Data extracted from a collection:

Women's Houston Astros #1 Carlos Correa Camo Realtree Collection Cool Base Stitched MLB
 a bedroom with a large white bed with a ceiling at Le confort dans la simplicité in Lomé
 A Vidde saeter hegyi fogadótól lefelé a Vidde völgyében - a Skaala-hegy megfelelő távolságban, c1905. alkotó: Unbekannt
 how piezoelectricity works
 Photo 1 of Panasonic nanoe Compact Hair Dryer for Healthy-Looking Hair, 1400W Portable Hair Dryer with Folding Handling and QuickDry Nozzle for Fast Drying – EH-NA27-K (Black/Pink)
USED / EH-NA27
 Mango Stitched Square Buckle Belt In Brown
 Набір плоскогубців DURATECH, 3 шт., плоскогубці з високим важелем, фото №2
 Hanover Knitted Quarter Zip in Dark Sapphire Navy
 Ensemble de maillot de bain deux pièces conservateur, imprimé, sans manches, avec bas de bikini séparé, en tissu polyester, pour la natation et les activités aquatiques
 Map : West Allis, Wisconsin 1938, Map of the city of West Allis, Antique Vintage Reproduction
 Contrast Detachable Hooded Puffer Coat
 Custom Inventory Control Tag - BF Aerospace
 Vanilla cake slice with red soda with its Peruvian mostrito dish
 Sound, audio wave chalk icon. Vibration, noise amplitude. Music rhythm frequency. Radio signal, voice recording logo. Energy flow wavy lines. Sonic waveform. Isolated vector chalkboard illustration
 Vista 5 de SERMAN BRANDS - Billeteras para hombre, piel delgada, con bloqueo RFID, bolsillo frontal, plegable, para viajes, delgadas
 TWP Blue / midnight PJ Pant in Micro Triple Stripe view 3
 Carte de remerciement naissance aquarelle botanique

## Your goal
Find each line above that contains "Stitched", and copy those lines.

## Task output
Women's Houston Astros #1 Carlos Correa Camo Realtree Collection Cool Base Stitched MLB
 Mango Stitched Square Buckle Belt In Brown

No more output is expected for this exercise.